> [Your task]: Only an exact copy is wanted: the lines from the one holding "2134 ROSEWOOD Drive Gallery 3" through the last line below, minus the pictures.

> [Exercise data]:
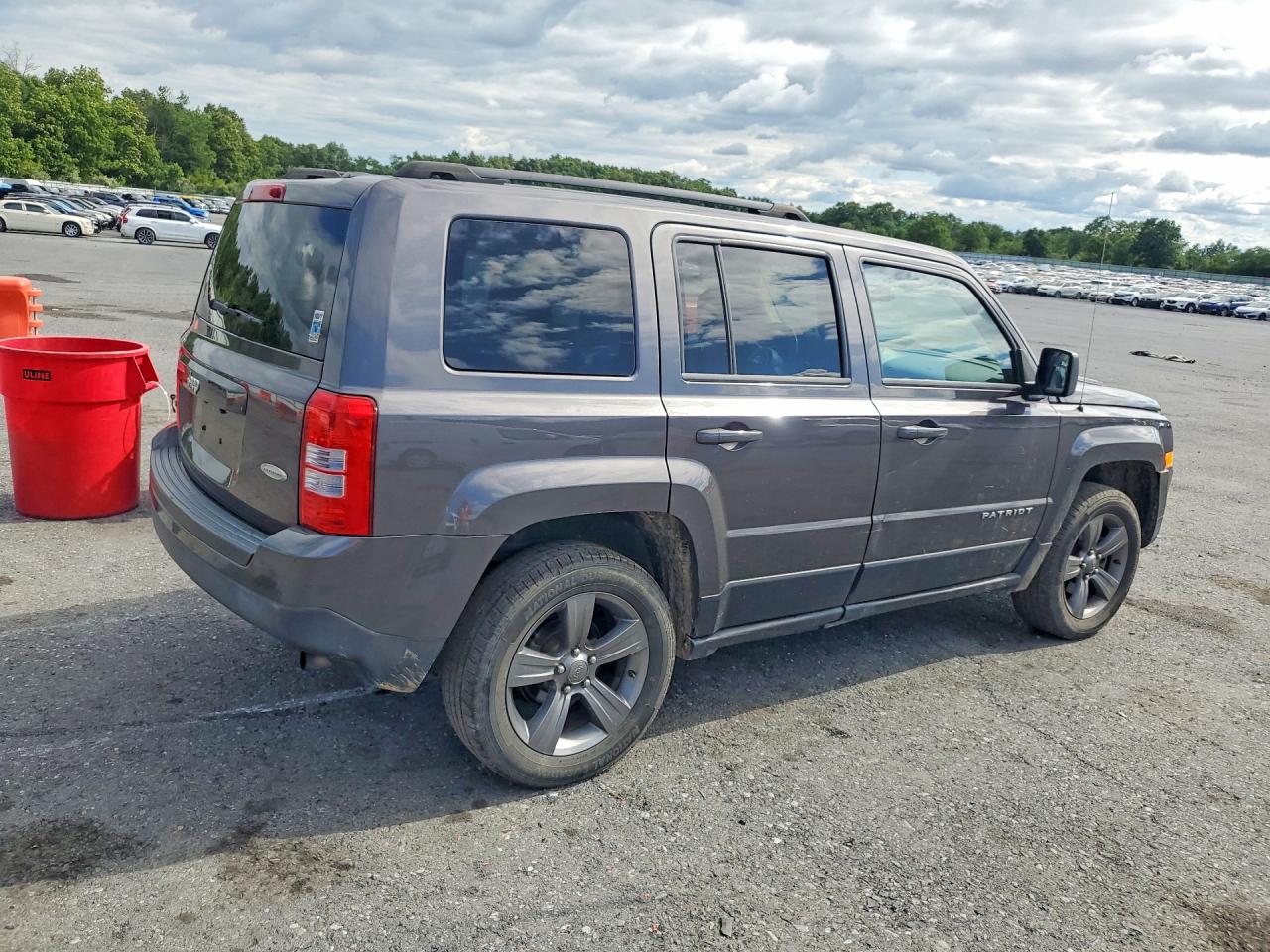 2015 Jeep Patriot Latitude Gray vin: 1C4NJRFB1FD239624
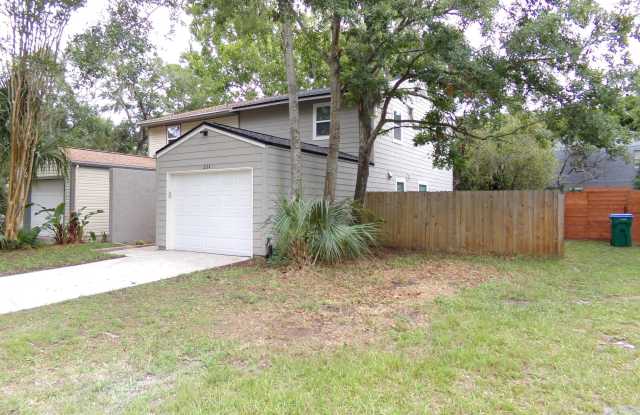 2134 ROSEWOOD Drive Gallery 3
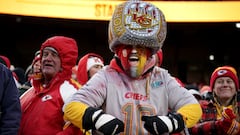 Hailee Steinfeld accepts dare on ‘Hot Ones’ and says three nice things about KC Chiefs’ fans: “They’re loud”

> [Solution to the problem]:
 2134 ROSEWOOD Drive Gallery 3
 Hailee Steinfeld accepts dare on ‘Hot Ones’ and says three nice things about KC Chiefs’ fans: “They’re loud”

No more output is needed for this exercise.